__What the task requires__. Where a picture appears, leave it out, and print the rest of the records as they are.

#### Record extracts ####

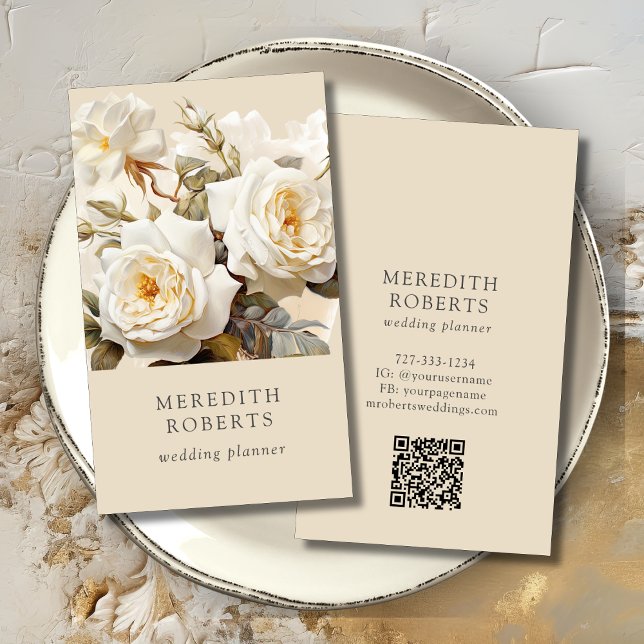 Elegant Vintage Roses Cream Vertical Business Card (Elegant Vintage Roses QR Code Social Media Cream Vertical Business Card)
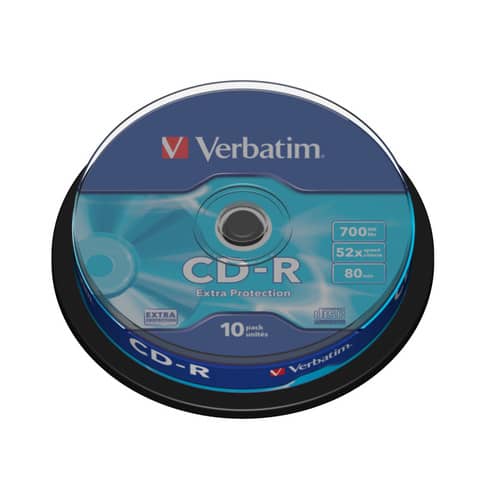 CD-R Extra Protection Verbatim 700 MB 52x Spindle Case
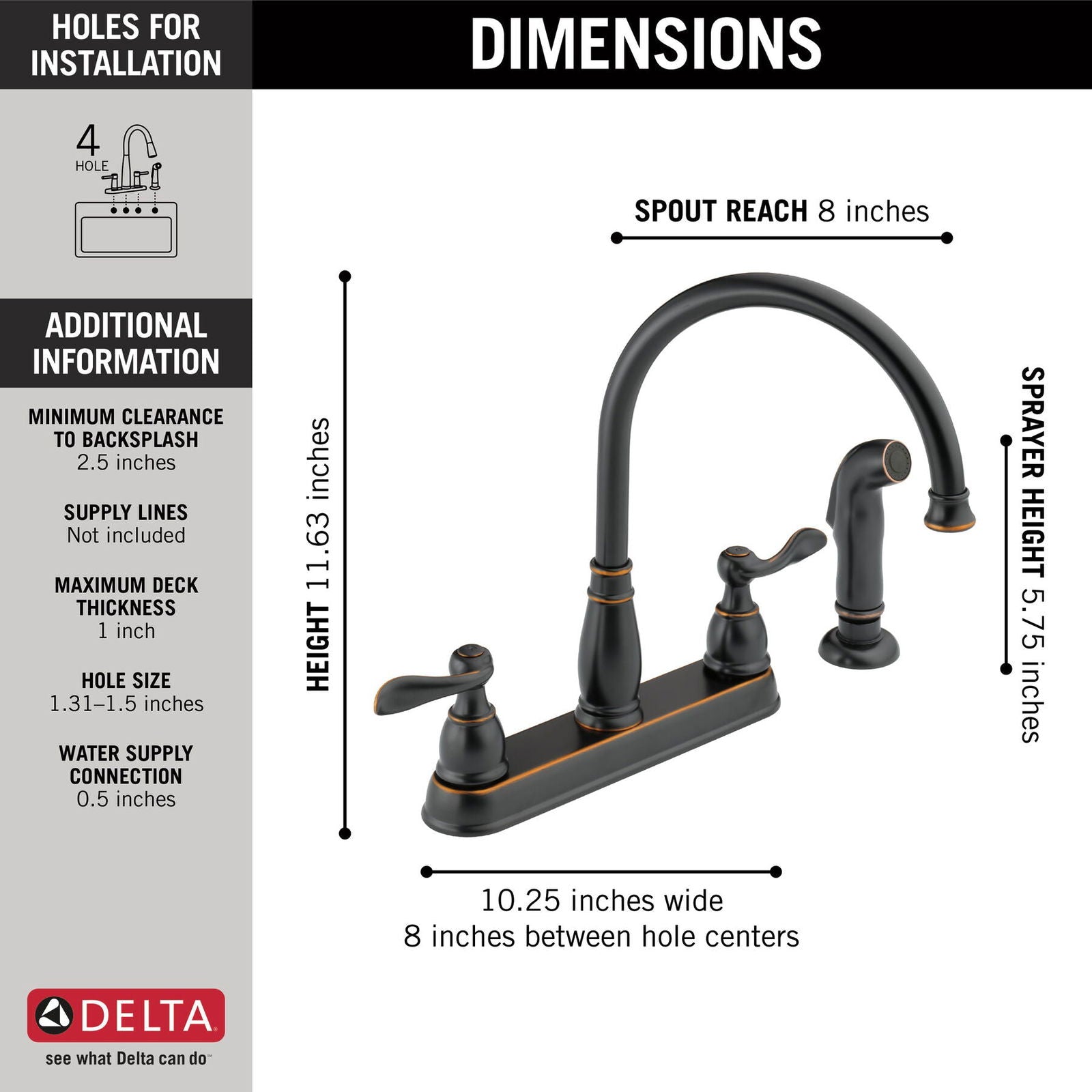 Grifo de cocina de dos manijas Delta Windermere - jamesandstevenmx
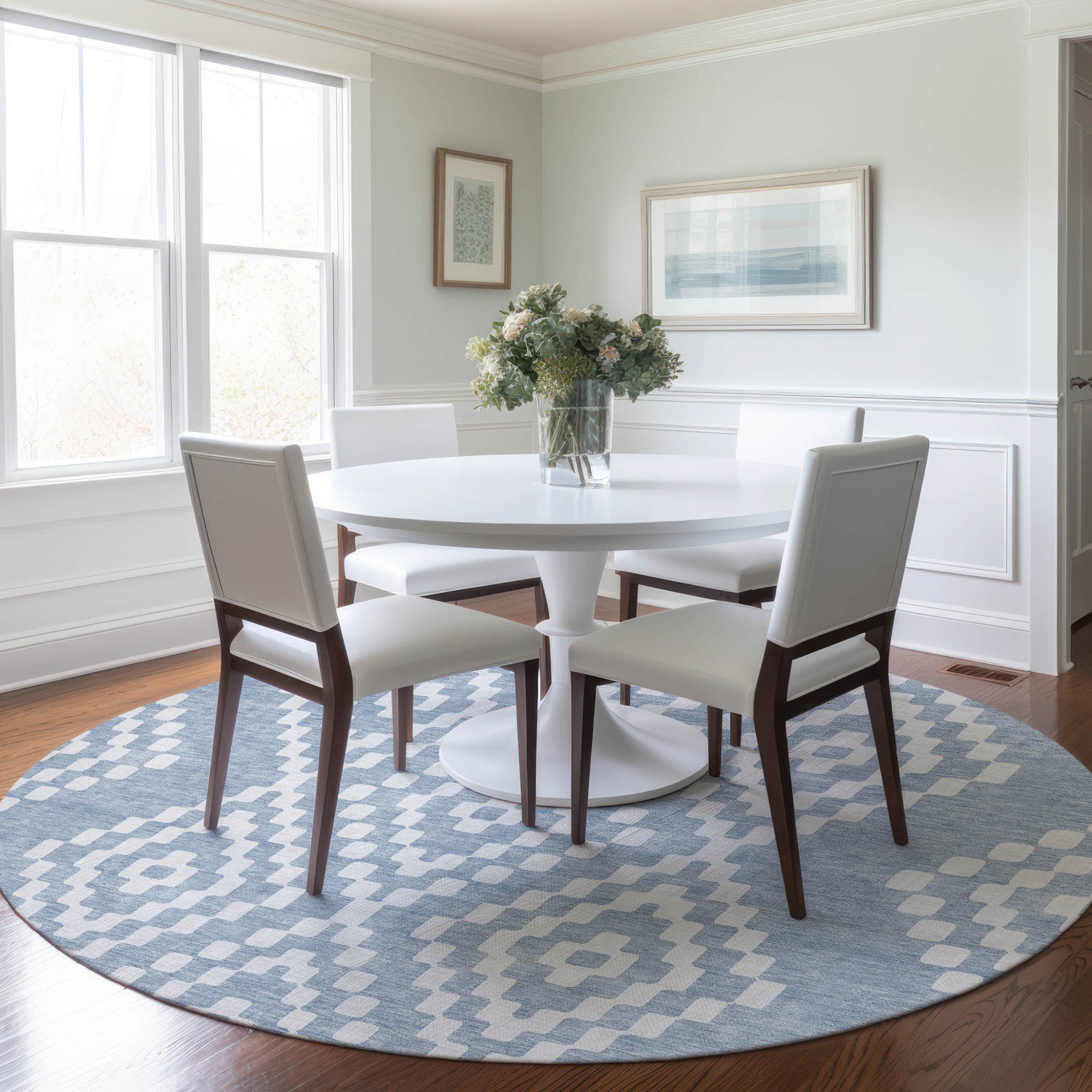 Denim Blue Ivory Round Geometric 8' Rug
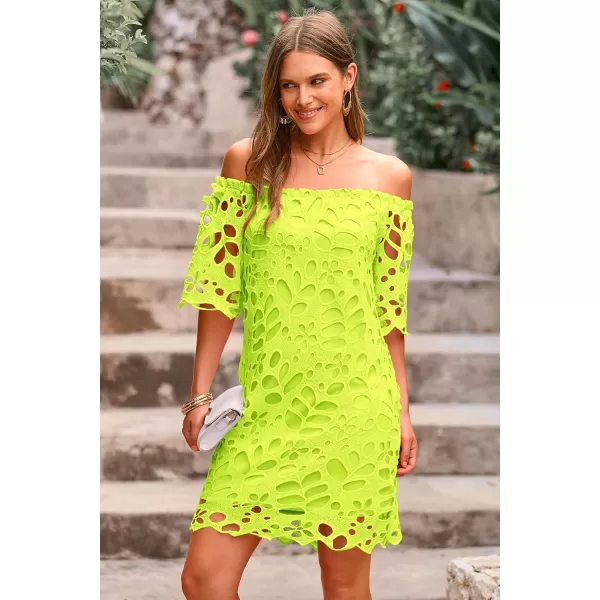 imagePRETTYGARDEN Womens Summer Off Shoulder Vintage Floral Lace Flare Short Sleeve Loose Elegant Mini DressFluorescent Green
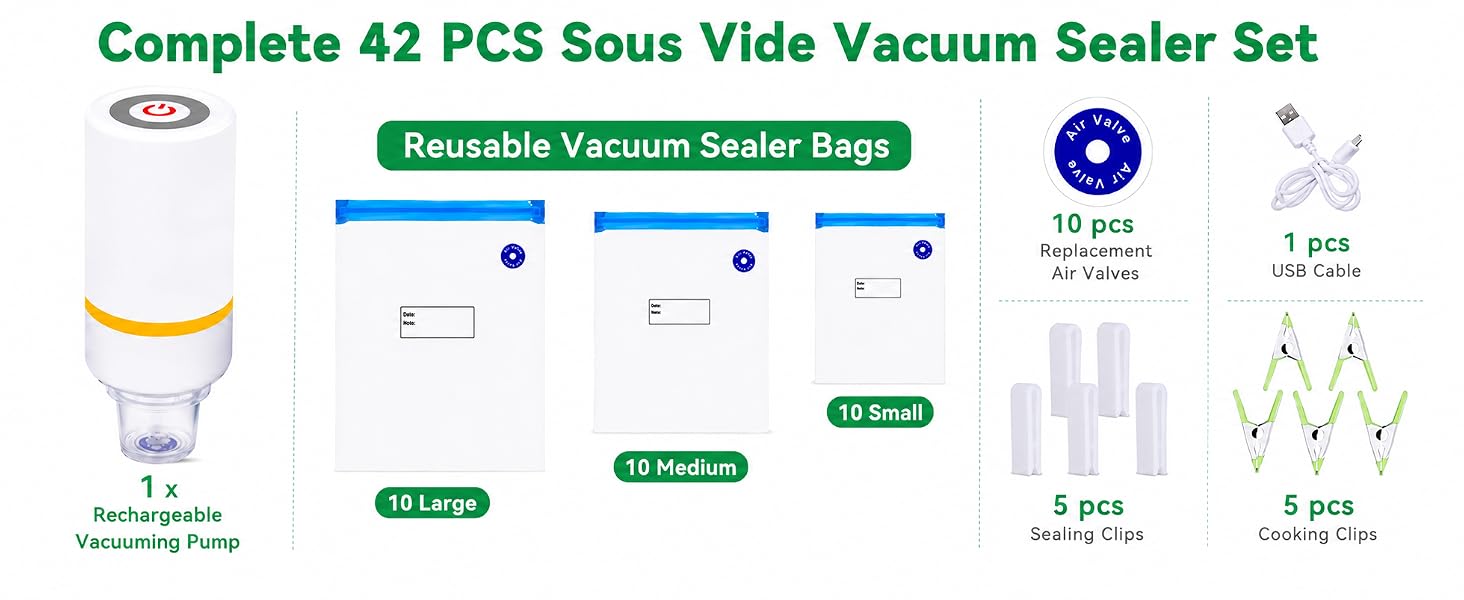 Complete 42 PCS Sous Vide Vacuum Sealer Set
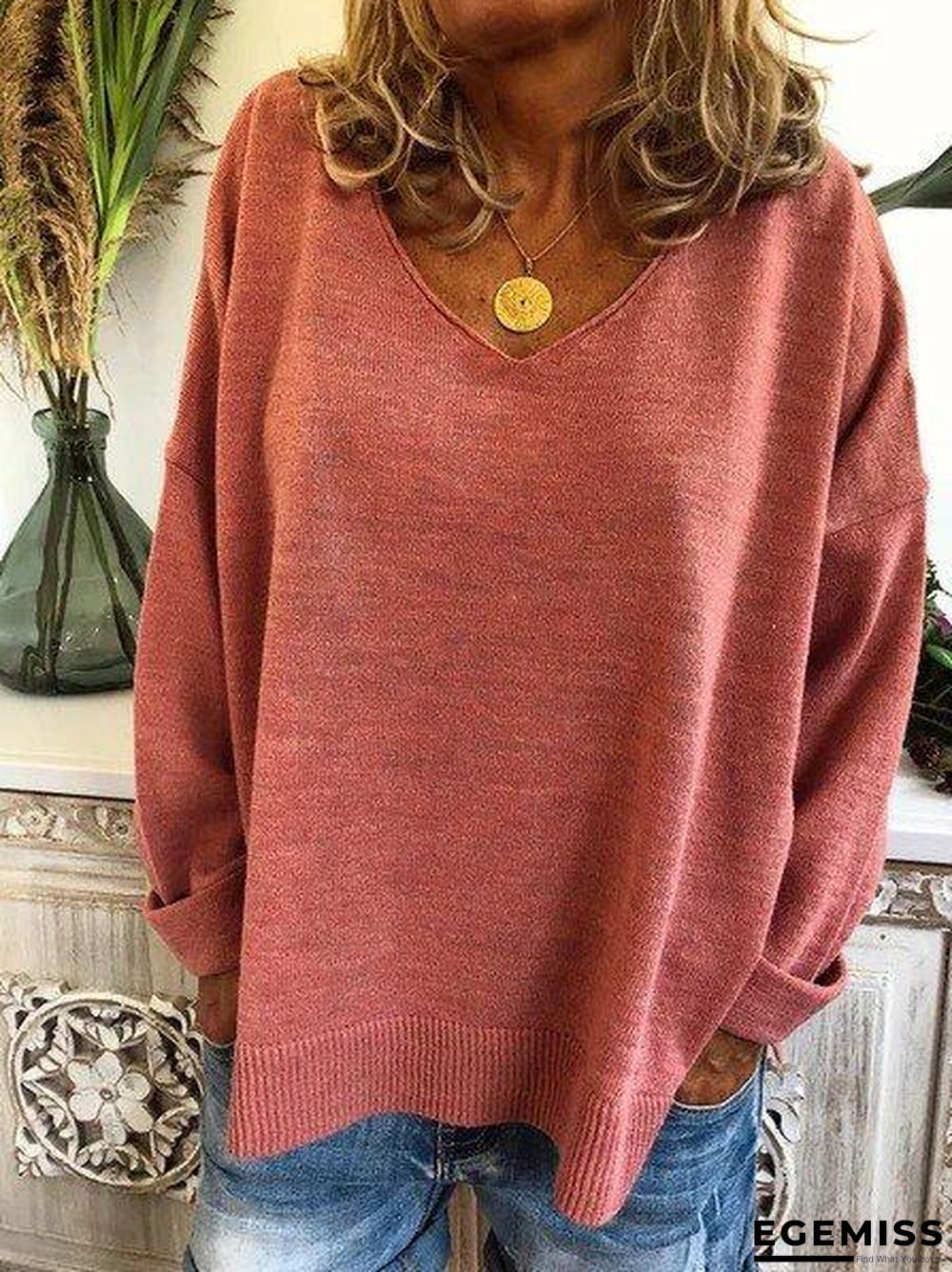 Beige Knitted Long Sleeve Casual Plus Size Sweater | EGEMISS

####

__Final answer__.
 Elegant Vintage Roses Cream Vertical Business Card (Elegant Vintage Roses QR Code Social Media Cream Vertical Business Card)
 CD-R Extra Protection Verbatim 700 MB 52x Spindle Case
 Grifo de cocina de dos manijas Delta Windermere - jamesandstevenmx
 Denim Blue Ivory Round Geometric 8' Rug
 imagePRETTYGARDEN Womens Summer Off Shoulder Vintage Floral Lace Flare Short Sleeve Loose Elegant Mini DressFluorescent Green
 Complete 42 PCS Sous Vide Vacuum Sealer Set
 Beige Knitted Long Sleeve Casual Plus Size Sweater | EGEMISS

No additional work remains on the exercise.